“It is a sign he is a branch cut off and
withered who careth little for any but himself” (292).
Richard Baxter, How to
Do Good to Many
“And let all men take
their common and special opportunities to do good: time will not stay;
yourselves, your wives, your children, your servants, your neighbours, are
posting to another world; speak now what you would have them hear; do them now
all the good you can. It must be now or never; there is no returning from the
dead to warn them” (323-34).
Given the
extraordinary literary output by Richard Baxter, it is hard not to agree with Richard
Schlatter that figures like Baxter have been largely overlooked by historians
both left and right. Baxter was a prodigious writer turning out more than 130
books. So many books that it is difficult to count. Many of the books are folios
with over 1 million words in length.
While prominent
figures like Baxter have largely been forgotten, the same cannot be said about
the English revolution. The last two decades have seen a never-ending stream of
literature. The revolution still
provokes significant interest and controversy.

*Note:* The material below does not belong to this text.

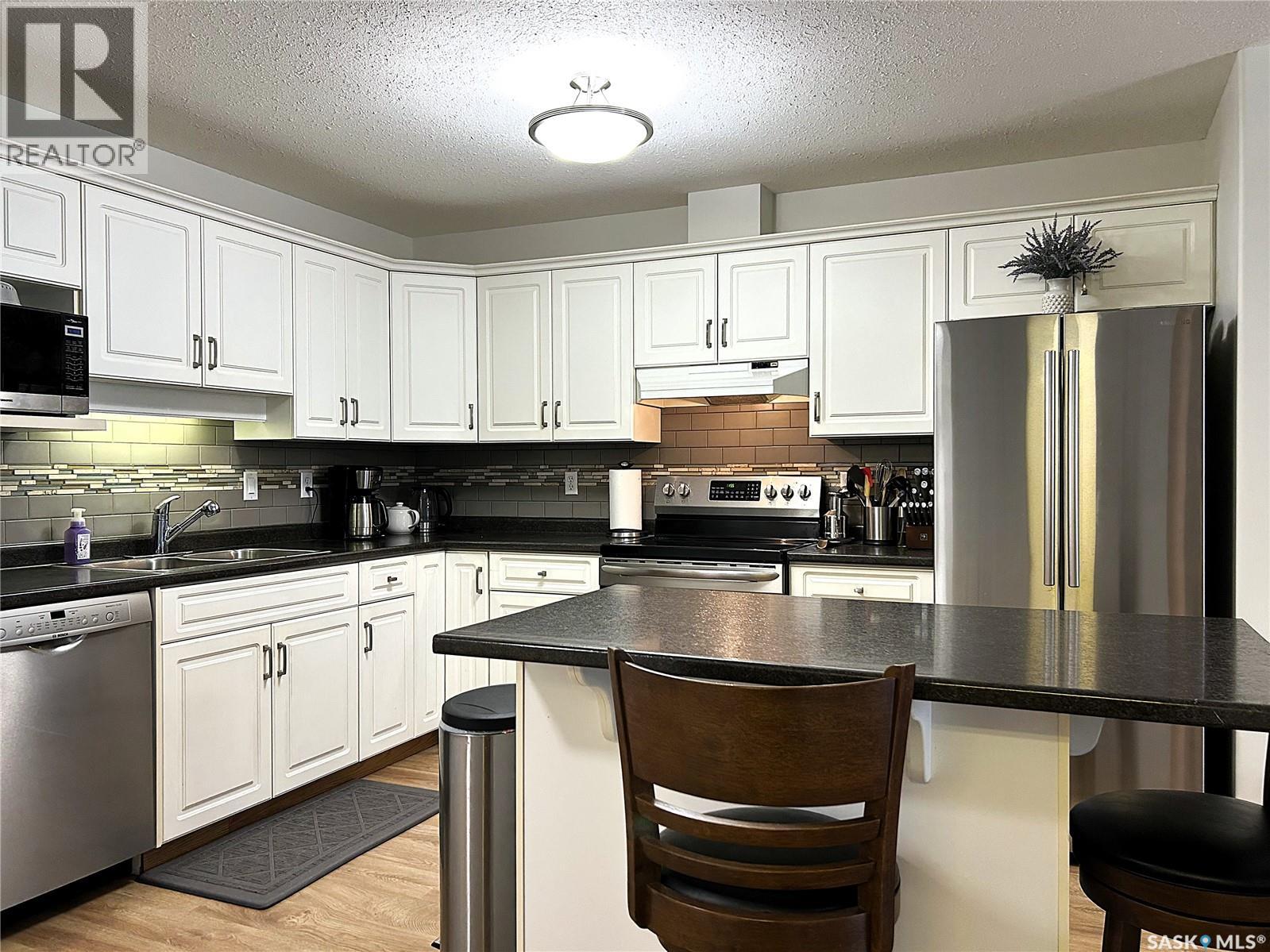 #105 910 Heritage VIEW - 2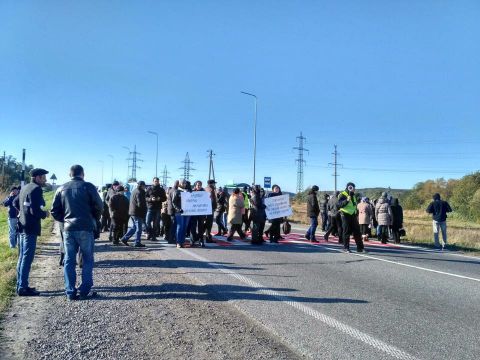 Мешканці Пустомитівщини перекрили трасу на Львів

The purpose of this little
review is to try and place Baxter within the context of the English revolution
and to a certain extent, rescue him from the condescension of history.
While many significant
figures of the revolution have sketchy biographies, this cannot be said of
Baxter, who was born in 1615. From an early age, Baxter began to see things in
class terms describing his father as “a mean Freeholder”. Like many families at
the beginning of the revolution, Baxter’s family life was tough, and the family
was “entangled by debts”. However, his poverty did not stop Baxter from
thinking that ‘Godly People were the
best’.
Baxter was heavily influenced
by his family’s acceptance of Puritanism. Baxter was later to recognise his
father as the “Instrument of my first Convictions, and Approbation of a Holy
Life’. In class terms, Baxter was part of a growing and influential lower
middle class who would clash so spectacularly with the King and Aristocracy in
the English revolution.
Like other
middle-class people around him, Baxter had the drive to try and achieve ‘Academick
Glory’, and ‘wanting Academical Honours’. This he did not achieve through
university but by becoming self-taught. Baxter “became one of the most learned of
seventeenth-century divines.” Baxter puts this down to God. His praise of God
is a running theme throughout his writings and is central to the book How to Do
Good to Many: The Public Good Is the Christian’s Life. The book is a guide for
the middle class on how to do good. There is nothing controversial in the book;
much of Baxter’s political and social outlook is missing. This is a little strange
given that Baxter was profoundly moved by the massive social, political and
religious upheavals brought about by the English revolution.
While Baxter’s work is
cloaked in religious trappings, once you break open the shell of religiosity,
it is clear to anyone that a study of his political and philosophical writings
play an essential part in our understanding of the events of the 17th-century
English revolution.
From a political
standpoint, Baxter was on the right-wing of the Presbyterians. He kept his
distance from Oliver Cromwell and other leaders of the revolution. To use a
modern term, Baxter took a typical centrist position also attacking anyone
associated with the left-wing of the revolution, including Independents such as
Hugh Peters. The “sectaries” like Thomas
Rainborow and any Leveller, in general, were “tools of Anabaptists’,. Anyone
who sought to widen the franchise was seen as Anabaptists by Baxter.
Early on in his life,
Baxter took up an extreme and class position on the poor. He did not believe that
men “from the Dung-cart (could) to make our laws, and from the Ale-house and the
May-pole to dispose of our religion, lives, and estates. When a pack of the
rabble are got together, the multitude of the needy and the dissolute prodigals
if they were ungoverned, would tear out the throats of the more wealthy and
industrious…. And turn all into a constant war”.
It would be easy to
dismiss Baxter’s writing on the poor as an exception, but in reality, they partly
expressed a real fear amongst the ruling class that the revolution would lead
to a wider franchise and more importantly a revolution against the property. which
to a certain extent happened.
If you strip away all
the religious superstructure at the base of Baxter’s writings are hatred of the
masses. His Holy Commonwealth, which is probably his most famous book is a
manifesto against a more comprehensive democracy except for the chosen few
namely people like him. Baxter‘s hostility to
the poor was expressed most vehemently in his opposition to the Leveller’s.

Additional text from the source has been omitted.